Restoration delivered at Piperhill

The opencast site at Piperhill in East Ayrshire has recently undergone a programme of restoration and rejuvenation. 

Led by SMRT board member Ian Howat, the restoration project transformed the area from a bare, overburden tip, full of rock and rock dust, to a lush, area of grass, which has great potential for growth.

No materials were removed from the site in the process – instead the land was manipulated and made firmer and more fertile with the use of sewage cake, which allowed the area to be reseeded.

The work began in May 2004 following a full risk assessment of the site.

Ian and his team began preparation works  by using a heavy disc harrow to break up the crust that had formed on the land, to create cultivated land, or tilth.

In consultation with the stakeholders involved in the process, it was decided that sewage cake should be brought in and mixed in with the tilth to create the best possible opportunity for growth.

The cake, supplied by Thames Water and delivered by a local sewage works, was stored in a series of lagoons.

A local agricultural contractor was brought in to spread the sewage cake, some of which was semi liquid, across the area, initially at a depth of two to three inches.

A chain harrow was used to mix the sewage cake into the tilth, and then created a seed bed, seeding the areas where the cake had been spread.

The project had benefitted from dry weather up until the seeding process began. However the weather deteriorated and there was a high risk of runoff, due to the steepness of the terrain.

After consultation with the operator, it was decided that the sewage cake coverage should be reduced to one inch to prevent this runoff.

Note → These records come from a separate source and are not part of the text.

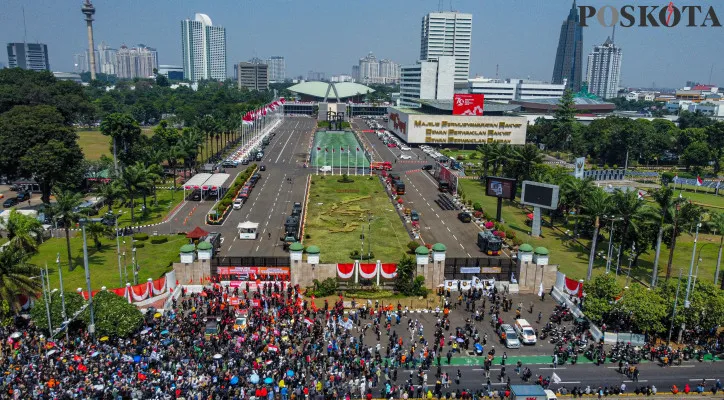 Ribuan massa yang tergabung dari berbagai elemen masyarakat memadati saat aksi demontrasi di depan Gedung DPR, Senayan, Jakarta Pusat, Kamis (22/8/2024). Ribuan massa pendemo Demo Darurat Indonesia mulai memadati Jalan Gotot Subroto, Jakarta mengenakan atribut dan membawa spanduk dan demo ini bagian dari gerakan 'peringatan darurat Indonesia' yang viral di media sosial setelah DPR bermanuver mengabaikan putusan MK dan menolak pengesahan Revisi UU Pilkada.Poskota/Ahmad Tri Hawaari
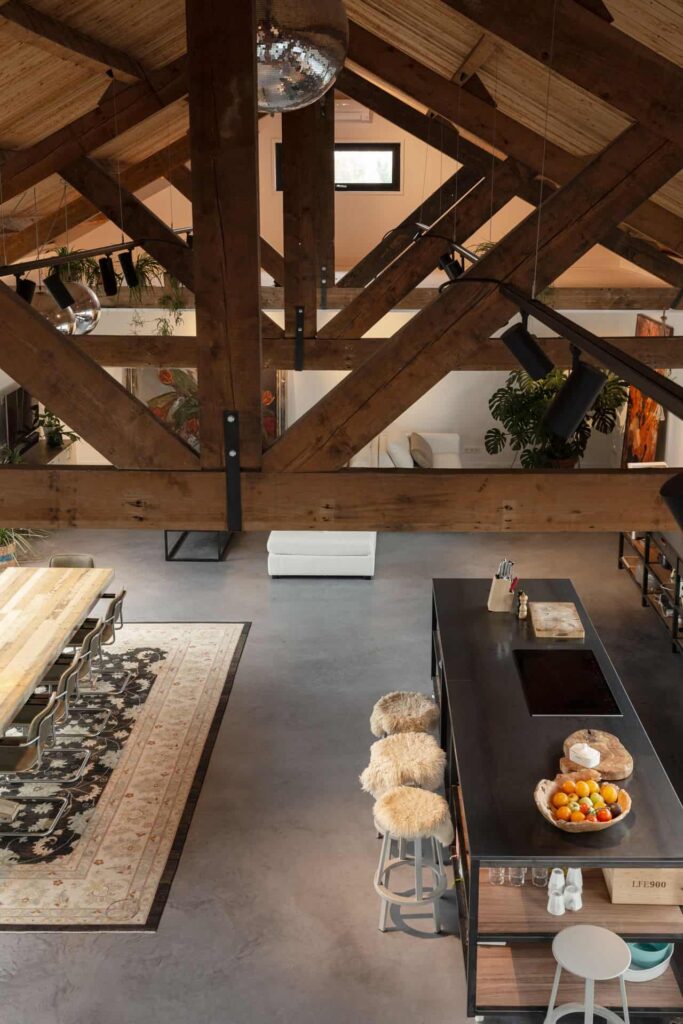 Foto van 'bovenaf' genomen, waar de kleurnuances en schakeringen in de vloer goed zichtbaar zijn. De kleur is 50% midden- en 50% donkergrijs gecombineerd.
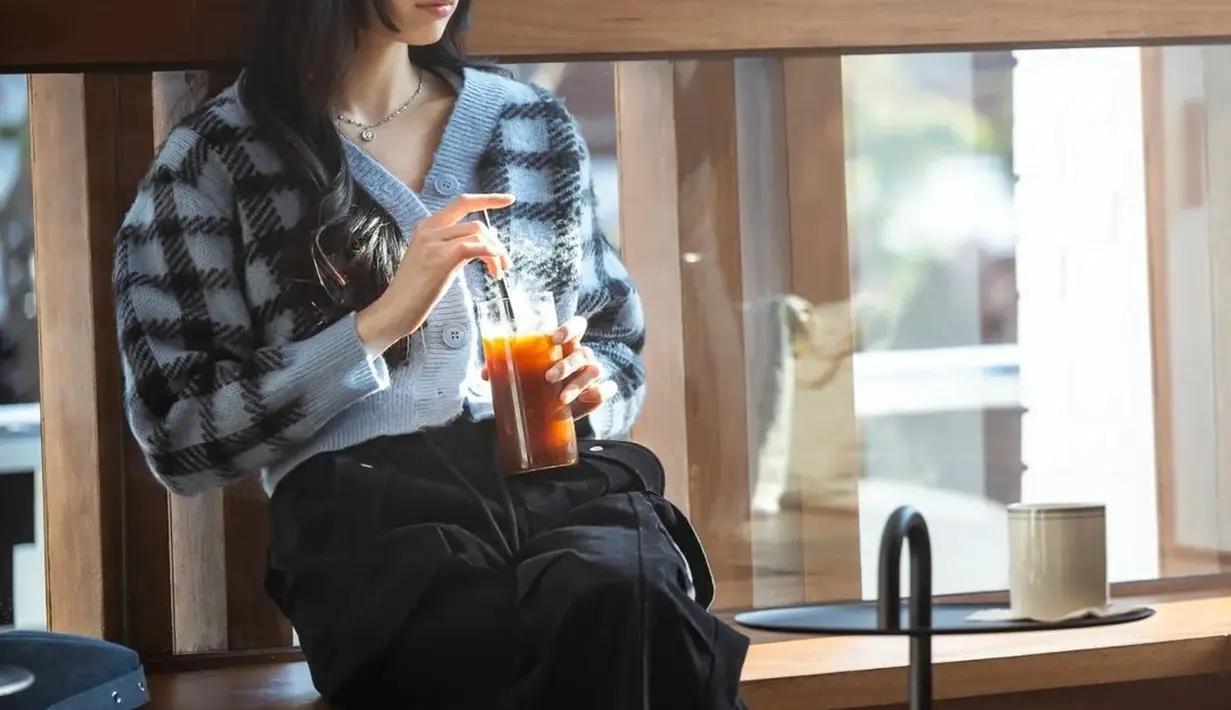 Bae Suzy tampil menawan dengan sweater biru bermotif kotak dan cargo pants hitam. Gaya rambutnya di k-drama ini juga sontak menjadi viral dan ikonis. [Foto: Instagram/skuukzky]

This change was a success, and despite a considerable amount of rain falling in the few weeks that followed, the surface was rough enough to hold the material and prevent runoff.

Ian and his team were able to get back onto the site at this point and mix the cake fully into the soil. The area was seeded with a mixture of grasses and after about three weeks there was a good cover of grass, which helped to stabilise the soil, with very little runoff.

The Piperhill project demonstrates the type of work that can be done on an abandoned opencast mining site, creating a sustainable environmental solution for the surrounding community, as well as returning the site to its former use.